Cllr Hind continues, “For that reason I have discussed with the Chair of Planning & Development, Dr. Alison Brown the imperative of being in receipt of regular 6 monthly reports on 106 Agreements in particular those relating to to the delivery of Educational Infrastructure, Town Centre Improvements, Doctors Surgeries and Green and Recreational Spaces. She is in complete agreement such reports need to be delivered on a regular basis to both the Planning & Development and Policy & Finance Committees allowing discussion in Full Council. If this could be better accomplished using bespoke software designed to monitor such agreements then so much the better given their increasing importance to the general public. Consideration should also be given to the Appointment of a Full-Time 106 Officer to Work Closely with our New Economic Development Director, such is the centrality of 106 Agreements to Economic Development in the Ribble Valley. In the meantime active consideration is being given to the introduction of CIL (the Community Infrastructure Levy) so that there is a more automatic link between New Housing Developments and the Funding for infrastructure to support this. What is clear is that although 106 Agreements are proving effective in the medium term it is taking a long-time, too long as far as public perceptions are concerned for infrastructure to catch-up with New Large-Scale Housing Developments. If CIL based on the number of bedrooms in New Houses or the Square Footage of the Properties constructed we might have been in a better position in the short-term. In the medium-term at least we can look forward to improved infrastructure going forward.”

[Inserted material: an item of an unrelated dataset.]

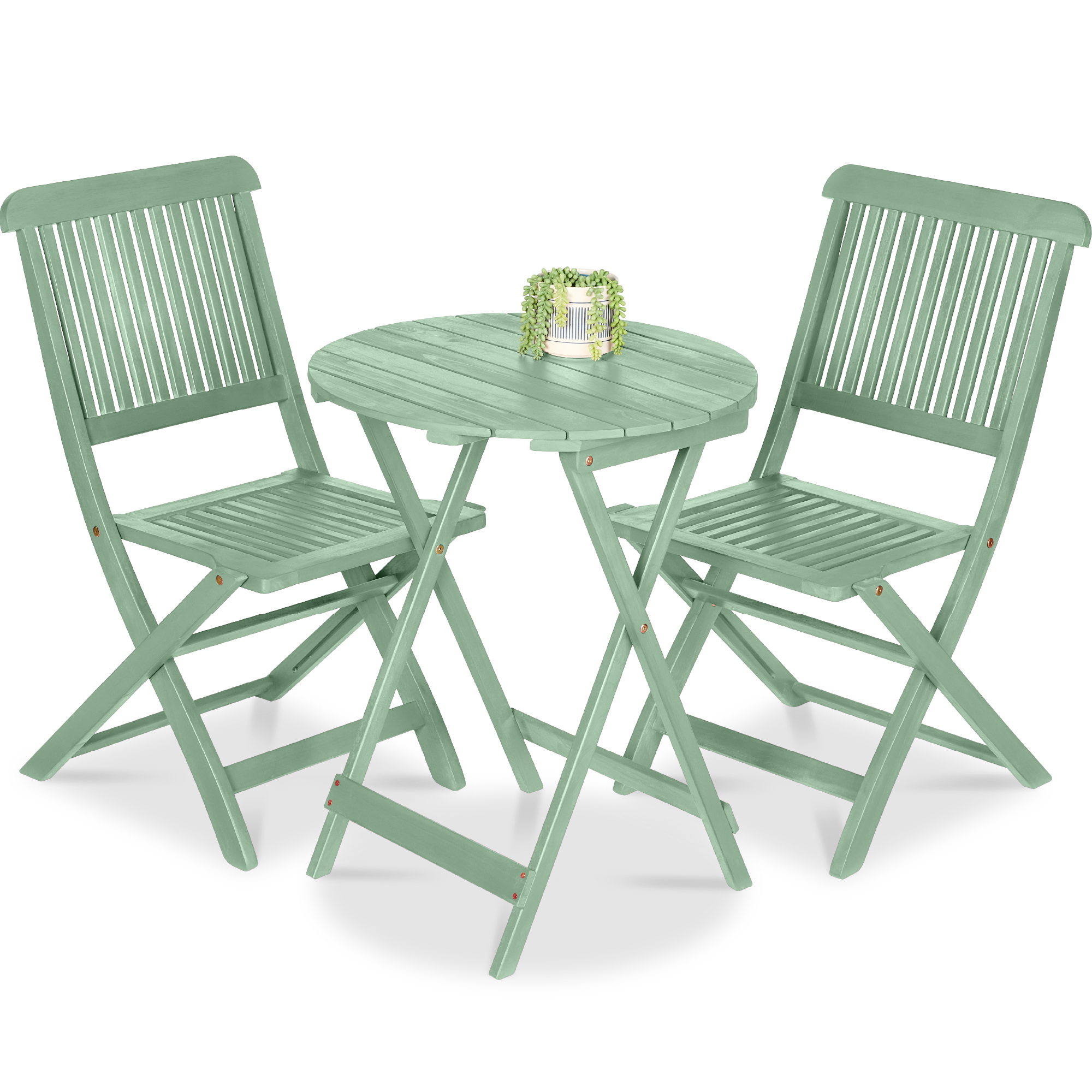 3-Piece Acacia Wood Bistro Set, Folding Patio Furniture w/ 2 Chairs, Table - Mint - Best Choice Products Online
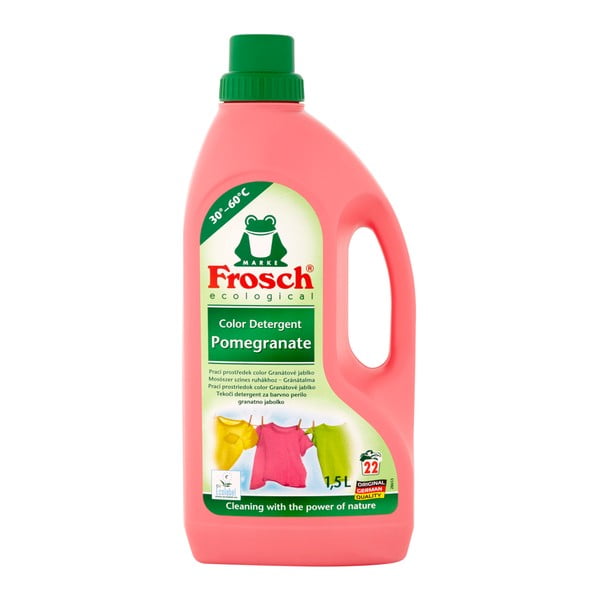 Spalvotų drabužių skalbimo želė Frosch su granatų kvapu, 1,5 l (22 skalbimai)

Cllr Stephen Atkinson, the Deputy Leader of Ribble Valley Borough Council states, “Not enough has been done previously to campaign for the delivery of 106 schemes and monies. This is a great opportunity for the Governors and the Parents in particular catchment areas to campaign and lobby for either the expansion of existing or the delivery of New Schools. The Conservative Group on Ribble Valley Borough Council intends to make this a central plank of our Election Manifesto going forward and we look forward to working with Public Action Groups to facilitate the delivery of New Educational Infrastructure both in Clitheroe and elsewhere in the Ribble Valley. Now that the bulk of the New Housing under the Core Strategy has been given Planning Permission the focus will be increasingly on infrastructure needs and how we can make the lives of Ribble Valley residents better.”